Das Räumungsgut hat der Gerichtsvollzieher für einen Monat zu verwahren. Binnen dieser Frist kann der Schuldner die pfändbaren Gegenstände gegen Erstattung der Räumungskosten herausverlangen, unpfändbare Sachen jederzeit. Nach Fristablauf wird das noch vorhandene Räumungsgut wie ein Pfand öffentlich versteigert und ein eventueller Erlös zugunsten des Gläubigers hinterlegt (§ 885 Abs. 2 bis 5 ZPO). Nicht verwertbare Sachen können vernichtet werden.
Die nicht unerheblichen Kosten einer Zwangsräumung wie Auslagen für eine Spedition zwecks Transport bzw. Entsorgung des Mobiliars, Anwaltskosten und die Gebühren des Gerichtsvollziehers sind zunächst vom Gläubiger vorzuschießen, fallen letztlich aber dem Schuldner zur Last (§ 788 ZPO).
Zum 1. Mai 2013 wurde die bisherige Rechtsprechung zur sog. Berliner Räumung[15][16] in § 885a ZPO gesetzlich fixiert.
Bei dem unter Berufung auf das Vermieterpfandrecht beschränkten Vollstreckungsauftrag setzt der Gerichtsvollzieher (nur) den Schuldner aus und den Gläubiger in den Besitz, das kostenträchtige Wegschaffen des Räumungsgutes durch den Gerichtsvollzieher unterbleibt.[17] Der Besitz an dem zur Beweissicherung dokumentierten Räumungsgut wird vielmehr vom Schuldner auf den Gläubiger übertragen und kann in der Wohnung verbleiben. Die Verwahrung und Verwertung ist dem Gläubiger überlassen.
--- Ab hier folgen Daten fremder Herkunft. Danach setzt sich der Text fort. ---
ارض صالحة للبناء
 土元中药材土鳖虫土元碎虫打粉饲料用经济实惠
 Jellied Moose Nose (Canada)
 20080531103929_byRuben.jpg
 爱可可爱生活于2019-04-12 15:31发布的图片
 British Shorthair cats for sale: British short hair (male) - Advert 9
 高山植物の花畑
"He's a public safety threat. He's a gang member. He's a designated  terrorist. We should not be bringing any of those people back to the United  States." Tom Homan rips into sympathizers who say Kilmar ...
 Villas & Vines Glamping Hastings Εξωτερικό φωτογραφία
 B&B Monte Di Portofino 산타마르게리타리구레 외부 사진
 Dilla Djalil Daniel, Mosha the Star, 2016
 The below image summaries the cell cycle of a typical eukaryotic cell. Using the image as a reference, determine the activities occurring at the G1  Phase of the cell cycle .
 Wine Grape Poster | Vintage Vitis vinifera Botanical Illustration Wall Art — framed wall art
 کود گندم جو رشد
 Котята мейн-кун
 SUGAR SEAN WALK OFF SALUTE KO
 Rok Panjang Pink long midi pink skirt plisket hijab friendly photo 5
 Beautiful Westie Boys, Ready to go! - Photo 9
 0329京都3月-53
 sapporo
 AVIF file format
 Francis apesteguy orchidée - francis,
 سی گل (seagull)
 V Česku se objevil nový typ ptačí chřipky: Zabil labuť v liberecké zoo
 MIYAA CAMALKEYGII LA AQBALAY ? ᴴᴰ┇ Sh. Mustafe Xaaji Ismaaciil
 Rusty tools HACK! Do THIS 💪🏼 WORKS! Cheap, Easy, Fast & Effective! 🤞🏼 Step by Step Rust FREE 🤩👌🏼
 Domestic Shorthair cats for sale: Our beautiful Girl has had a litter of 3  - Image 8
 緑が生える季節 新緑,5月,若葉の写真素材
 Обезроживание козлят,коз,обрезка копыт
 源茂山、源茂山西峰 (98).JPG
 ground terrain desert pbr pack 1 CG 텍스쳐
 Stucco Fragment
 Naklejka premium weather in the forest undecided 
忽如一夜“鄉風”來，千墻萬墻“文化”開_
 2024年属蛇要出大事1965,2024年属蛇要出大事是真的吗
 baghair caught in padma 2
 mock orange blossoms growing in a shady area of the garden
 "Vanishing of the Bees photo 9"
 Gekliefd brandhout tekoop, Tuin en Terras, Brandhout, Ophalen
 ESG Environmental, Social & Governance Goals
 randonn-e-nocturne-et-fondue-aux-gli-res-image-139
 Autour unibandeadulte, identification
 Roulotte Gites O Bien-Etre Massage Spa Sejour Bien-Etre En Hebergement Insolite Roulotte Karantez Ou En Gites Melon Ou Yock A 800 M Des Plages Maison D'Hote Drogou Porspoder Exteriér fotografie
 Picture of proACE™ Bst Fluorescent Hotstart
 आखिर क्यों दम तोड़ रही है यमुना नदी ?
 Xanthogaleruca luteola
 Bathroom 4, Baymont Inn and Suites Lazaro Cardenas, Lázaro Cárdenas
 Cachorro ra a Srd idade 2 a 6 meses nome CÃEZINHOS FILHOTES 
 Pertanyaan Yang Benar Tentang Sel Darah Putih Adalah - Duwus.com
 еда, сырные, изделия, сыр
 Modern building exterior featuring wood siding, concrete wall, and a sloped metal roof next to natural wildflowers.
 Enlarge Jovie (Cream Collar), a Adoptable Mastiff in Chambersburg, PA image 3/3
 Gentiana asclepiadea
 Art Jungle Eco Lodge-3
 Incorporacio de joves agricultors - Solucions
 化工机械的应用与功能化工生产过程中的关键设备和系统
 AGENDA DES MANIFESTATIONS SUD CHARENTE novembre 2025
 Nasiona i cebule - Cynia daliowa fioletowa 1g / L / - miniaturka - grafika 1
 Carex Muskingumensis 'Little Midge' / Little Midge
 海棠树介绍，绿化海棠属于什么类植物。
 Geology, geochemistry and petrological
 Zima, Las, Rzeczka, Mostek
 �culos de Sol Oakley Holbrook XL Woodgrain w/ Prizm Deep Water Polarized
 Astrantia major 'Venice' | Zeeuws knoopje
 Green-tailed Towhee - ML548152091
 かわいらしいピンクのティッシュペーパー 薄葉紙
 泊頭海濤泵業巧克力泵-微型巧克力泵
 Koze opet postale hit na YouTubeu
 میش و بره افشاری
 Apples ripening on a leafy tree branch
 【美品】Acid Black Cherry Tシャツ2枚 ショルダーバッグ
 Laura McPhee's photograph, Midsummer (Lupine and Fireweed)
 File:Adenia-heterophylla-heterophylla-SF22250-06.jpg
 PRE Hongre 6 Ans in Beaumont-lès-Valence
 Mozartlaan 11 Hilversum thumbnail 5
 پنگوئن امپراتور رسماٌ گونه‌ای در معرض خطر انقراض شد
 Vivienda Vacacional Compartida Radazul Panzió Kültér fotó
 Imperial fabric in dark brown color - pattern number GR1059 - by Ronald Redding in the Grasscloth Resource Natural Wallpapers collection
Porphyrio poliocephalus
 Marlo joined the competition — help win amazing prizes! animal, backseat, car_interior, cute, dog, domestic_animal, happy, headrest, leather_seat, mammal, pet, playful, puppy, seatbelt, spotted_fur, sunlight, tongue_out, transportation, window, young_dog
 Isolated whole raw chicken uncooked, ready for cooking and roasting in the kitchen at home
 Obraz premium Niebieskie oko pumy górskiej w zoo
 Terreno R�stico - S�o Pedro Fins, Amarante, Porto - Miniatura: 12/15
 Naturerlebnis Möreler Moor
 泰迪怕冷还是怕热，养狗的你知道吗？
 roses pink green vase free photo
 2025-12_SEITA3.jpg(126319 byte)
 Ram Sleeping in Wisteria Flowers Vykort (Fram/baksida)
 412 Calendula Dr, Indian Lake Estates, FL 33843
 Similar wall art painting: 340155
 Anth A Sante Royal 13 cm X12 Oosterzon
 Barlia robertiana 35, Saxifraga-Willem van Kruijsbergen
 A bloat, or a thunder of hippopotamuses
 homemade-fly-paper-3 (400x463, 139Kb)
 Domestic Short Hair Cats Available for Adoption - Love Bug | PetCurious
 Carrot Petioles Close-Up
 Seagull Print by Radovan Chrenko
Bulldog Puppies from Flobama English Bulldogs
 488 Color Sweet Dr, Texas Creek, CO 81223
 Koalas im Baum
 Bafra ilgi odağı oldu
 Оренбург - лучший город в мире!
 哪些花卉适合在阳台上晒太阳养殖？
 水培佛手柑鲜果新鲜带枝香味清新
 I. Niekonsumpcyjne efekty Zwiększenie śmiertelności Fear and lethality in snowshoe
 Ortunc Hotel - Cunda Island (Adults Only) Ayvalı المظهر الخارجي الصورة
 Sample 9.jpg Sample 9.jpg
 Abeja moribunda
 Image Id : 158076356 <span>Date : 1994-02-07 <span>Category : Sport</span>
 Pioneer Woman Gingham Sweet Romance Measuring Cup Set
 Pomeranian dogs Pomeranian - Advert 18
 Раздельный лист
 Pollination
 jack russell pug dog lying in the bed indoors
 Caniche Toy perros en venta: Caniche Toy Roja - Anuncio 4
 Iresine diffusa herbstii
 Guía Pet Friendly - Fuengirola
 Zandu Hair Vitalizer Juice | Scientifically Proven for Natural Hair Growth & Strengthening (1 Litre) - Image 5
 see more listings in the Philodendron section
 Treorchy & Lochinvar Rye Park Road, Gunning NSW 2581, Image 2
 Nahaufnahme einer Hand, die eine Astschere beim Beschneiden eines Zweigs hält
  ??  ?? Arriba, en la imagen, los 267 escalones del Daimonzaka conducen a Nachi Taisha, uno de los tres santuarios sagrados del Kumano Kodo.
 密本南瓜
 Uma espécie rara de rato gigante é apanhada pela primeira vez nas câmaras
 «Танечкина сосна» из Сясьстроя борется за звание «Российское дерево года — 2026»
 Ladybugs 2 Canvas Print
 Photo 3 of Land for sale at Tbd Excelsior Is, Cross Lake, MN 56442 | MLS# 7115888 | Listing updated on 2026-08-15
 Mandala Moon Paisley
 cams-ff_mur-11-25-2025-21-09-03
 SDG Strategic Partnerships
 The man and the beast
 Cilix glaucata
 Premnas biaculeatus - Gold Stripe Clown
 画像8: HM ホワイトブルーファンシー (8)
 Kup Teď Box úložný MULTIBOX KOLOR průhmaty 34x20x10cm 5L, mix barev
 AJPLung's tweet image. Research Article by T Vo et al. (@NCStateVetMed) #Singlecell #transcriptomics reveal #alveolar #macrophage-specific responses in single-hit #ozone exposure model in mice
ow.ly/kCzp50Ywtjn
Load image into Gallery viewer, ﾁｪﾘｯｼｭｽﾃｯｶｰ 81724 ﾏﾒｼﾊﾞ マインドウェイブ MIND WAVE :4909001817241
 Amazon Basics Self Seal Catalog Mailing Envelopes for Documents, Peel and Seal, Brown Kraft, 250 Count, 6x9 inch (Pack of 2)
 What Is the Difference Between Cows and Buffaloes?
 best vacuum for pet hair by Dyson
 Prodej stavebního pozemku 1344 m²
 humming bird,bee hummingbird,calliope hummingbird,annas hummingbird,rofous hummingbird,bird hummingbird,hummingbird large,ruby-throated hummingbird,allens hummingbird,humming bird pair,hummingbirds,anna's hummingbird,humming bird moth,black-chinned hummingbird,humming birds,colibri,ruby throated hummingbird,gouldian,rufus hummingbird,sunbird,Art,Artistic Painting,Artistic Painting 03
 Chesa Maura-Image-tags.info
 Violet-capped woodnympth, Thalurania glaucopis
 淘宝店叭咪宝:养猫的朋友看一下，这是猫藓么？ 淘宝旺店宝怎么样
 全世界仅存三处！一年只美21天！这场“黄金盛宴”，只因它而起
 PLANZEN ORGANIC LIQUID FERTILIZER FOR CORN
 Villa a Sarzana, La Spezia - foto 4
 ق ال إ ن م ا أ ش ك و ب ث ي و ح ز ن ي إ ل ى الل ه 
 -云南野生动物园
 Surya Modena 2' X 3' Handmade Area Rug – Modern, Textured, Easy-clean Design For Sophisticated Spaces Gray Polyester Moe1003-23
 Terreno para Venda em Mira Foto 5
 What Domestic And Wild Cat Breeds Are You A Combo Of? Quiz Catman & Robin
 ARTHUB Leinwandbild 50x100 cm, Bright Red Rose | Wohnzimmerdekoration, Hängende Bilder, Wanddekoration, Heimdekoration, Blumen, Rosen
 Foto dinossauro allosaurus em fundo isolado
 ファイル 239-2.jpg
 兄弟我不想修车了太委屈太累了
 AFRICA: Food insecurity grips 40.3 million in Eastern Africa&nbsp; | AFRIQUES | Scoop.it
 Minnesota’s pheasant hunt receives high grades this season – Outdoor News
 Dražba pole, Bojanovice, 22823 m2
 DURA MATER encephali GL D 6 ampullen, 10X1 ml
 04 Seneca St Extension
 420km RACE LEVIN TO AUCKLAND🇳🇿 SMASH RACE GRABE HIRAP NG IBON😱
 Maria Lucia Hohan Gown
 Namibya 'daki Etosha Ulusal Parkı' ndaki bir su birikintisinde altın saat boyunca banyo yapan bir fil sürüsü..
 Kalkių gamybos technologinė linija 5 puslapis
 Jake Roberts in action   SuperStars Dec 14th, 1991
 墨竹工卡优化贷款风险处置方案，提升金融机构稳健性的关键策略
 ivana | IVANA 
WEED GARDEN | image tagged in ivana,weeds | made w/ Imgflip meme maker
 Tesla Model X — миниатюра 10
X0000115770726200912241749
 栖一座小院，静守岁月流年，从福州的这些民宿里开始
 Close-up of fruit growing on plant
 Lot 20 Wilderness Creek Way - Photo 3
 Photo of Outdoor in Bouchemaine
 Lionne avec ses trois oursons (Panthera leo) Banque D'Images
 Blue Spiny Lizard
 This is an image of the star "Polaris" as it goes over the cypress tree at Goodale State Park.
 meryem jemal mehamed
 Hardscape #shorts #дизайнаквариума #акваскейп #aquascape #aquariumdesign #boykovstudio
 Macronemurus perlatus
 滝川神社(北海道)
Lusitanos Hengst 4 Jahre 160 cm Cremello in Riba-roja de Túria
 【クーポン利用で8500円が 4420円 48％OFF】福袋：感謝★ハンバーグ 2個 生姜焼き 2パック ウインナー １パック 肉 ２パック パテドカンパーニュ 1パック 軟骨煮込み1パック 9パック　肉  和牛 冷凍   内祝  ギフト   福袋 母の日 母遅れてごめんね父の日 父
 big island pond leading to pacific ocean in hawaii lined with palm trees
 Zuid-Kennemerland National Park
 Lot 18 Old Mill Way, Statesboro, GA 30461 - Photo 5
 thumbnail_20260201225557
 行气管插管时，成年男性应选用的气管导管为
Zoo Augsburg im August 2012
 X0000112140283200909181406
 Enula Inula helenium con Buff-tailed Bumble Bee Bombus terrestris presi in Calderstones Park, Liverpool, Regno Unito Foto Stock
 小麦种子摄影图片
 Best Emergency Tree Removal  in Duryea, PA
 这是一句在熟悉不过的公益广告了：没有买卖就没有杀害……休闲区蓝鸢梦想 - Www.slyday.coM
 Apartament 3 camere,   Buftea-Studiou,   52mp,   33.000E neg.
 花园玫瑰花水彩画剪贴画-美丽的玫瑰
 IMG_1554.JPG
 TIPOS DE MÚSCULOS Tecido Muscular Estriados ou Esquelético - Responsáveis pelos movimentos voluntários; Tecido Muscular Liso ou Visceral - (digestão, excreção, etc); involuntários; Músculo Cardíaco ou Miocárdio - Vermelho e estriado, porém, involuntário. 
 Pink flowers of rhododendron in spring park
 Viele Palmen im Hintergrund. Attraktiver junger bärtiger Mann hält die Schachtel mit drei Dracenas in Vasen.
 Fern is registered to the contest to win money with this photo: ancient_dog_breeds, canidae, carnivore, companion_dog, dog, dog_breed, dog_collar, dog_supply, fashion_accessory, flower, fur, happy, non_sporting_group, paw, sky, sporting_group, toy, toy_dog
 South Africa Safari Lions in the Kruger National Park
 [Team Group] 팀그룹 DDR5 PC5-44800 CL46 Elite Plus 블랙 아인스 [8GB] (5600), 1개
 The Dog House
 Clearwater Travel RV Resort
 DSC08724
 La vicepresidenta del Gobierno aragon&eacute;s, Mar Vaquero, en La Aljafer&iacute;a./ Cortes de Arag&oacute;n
Letztlich kann der Gläubiger mit seinen ausstehenden mietrechtlichen Forderungen wie rückständigen Mieten bei Veräußerung des Räumungsguts gegen den Anspruch des Schuldners auf Herausgabe des Erlöses aufrechnen und dadurch den Anspruchs des Schuldners auf Herausgabe des Räumungsguts teilweise zum Erlöschen bringen.[18]